What do you find confusing about Salt on Qubes OS?

I want to write a guide (in the form of a blog post probably, but also shared here) to using Salt on Qubes OS. I know that most of the guides out there didn’t really help me when I started learning

To that end, I want to know what’s been confusing for folks. I’ll try to answer everything in the guide, and will probably also give responses here in the meantime

1 Like

I have wanted to use salt, but each time I go to look into it, I get confused on the file locations, file layout, what you should put in what file, how you know what you can get it to do, and how to run the whole thing or just a part of it.

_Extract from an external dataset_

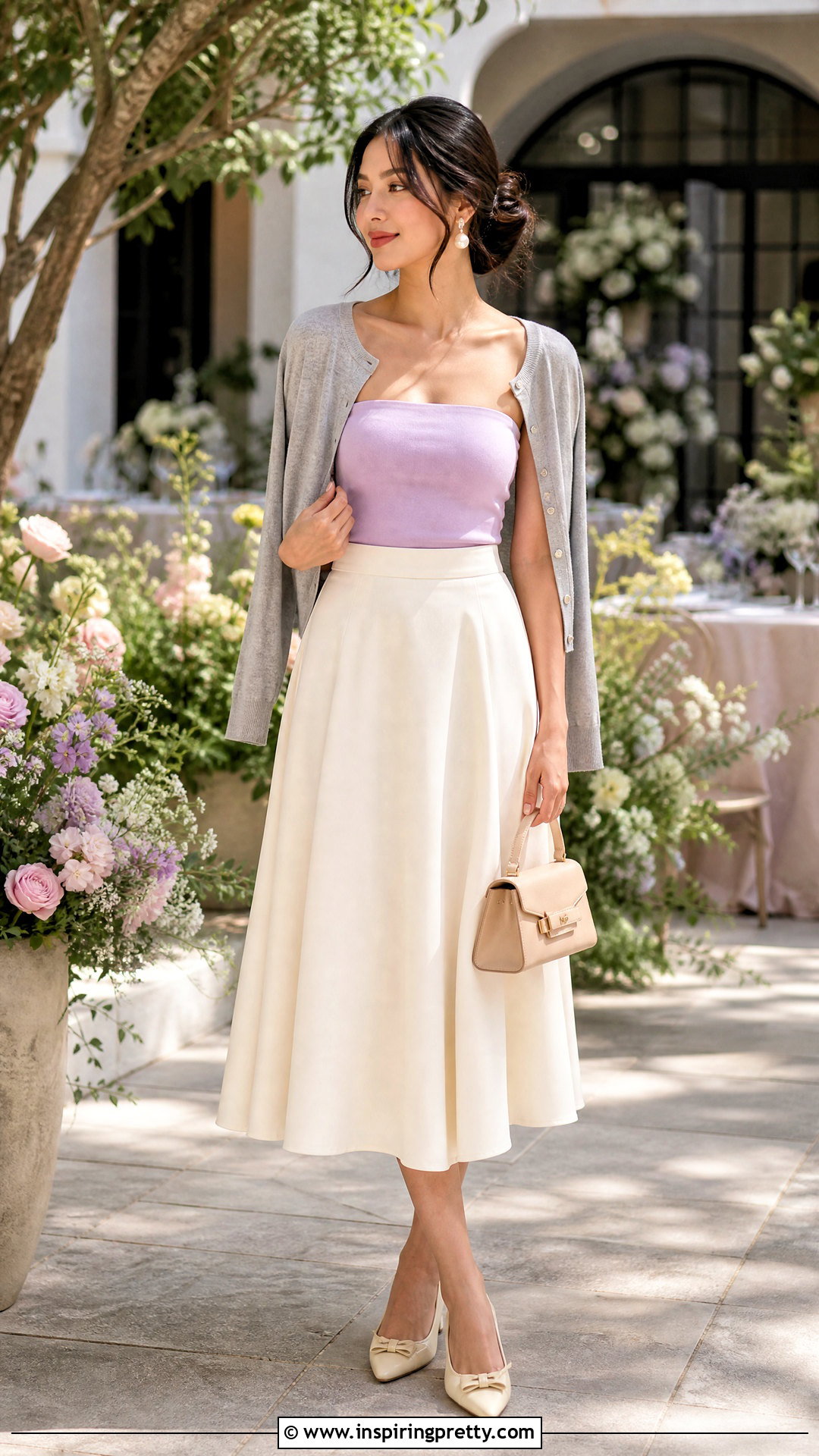 Pastel Tube Top With Midi Skirt - 50 cute tube tops outfit ideas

I would like to setup a way build out my current config if I needed to rebuild:
-download all of the templates I use
-setup the named templates I have
-setup the VMs I have and include the additional software I have installed on them

There could probably be more included in that but seeing I have not used salt yet, I don’t know what to include.

Thank you for posting about this and I look forward to see what you come up with.

2 Likes

A LOT of things. Unfortunately I’m confused enough I am not sure how to articulate a list.

I use salt a lot, but I’ve had to bastardize it; I have many bash scripts running salt. Even more insane: I have salt write some of the the bash cripts to be used to run salt. I think I can get away from this now and use it more directly…except I’m using the user environment /srv/user_salt and I can’t get something there to behave as a top.sls file. No matter how I try to enable it something seems to go wrong. Our resident guru works in /srv/salt/some-subdirectory rather than with the user environment /srv/user_salt, so his examples are (uncharacteristically) not very helpful with this one detail [but have otherwise shown me a way out of the bastardization I just mentioned]. (Of course all of this means you have to include discussion of setting up a user salt environment in the first place!)

And you’re right–the Salt documentation talks about typical use cases, and Qubes is not typical; salt has been heavily adapted for Qubes.

2 Likes

I don’t know why I didn’t link it earlier, but for reference, here’s my own Salt repo:

1 Like

Yeah, that’s pretty much how I’ve organized my own repo (which I just posted).

What I wanted was to configure my system such that backups never needed to hold templates, only AppVMs that held persistent data. Everything else can be restored by cloning the repo

1 Like

Yeah, the Qubes OS setup is different from conventional Salt projects and it took me a long time to realize that. I think it’d be worth doing a blog post that covers what’s unique about using Salt on Qubes OS first.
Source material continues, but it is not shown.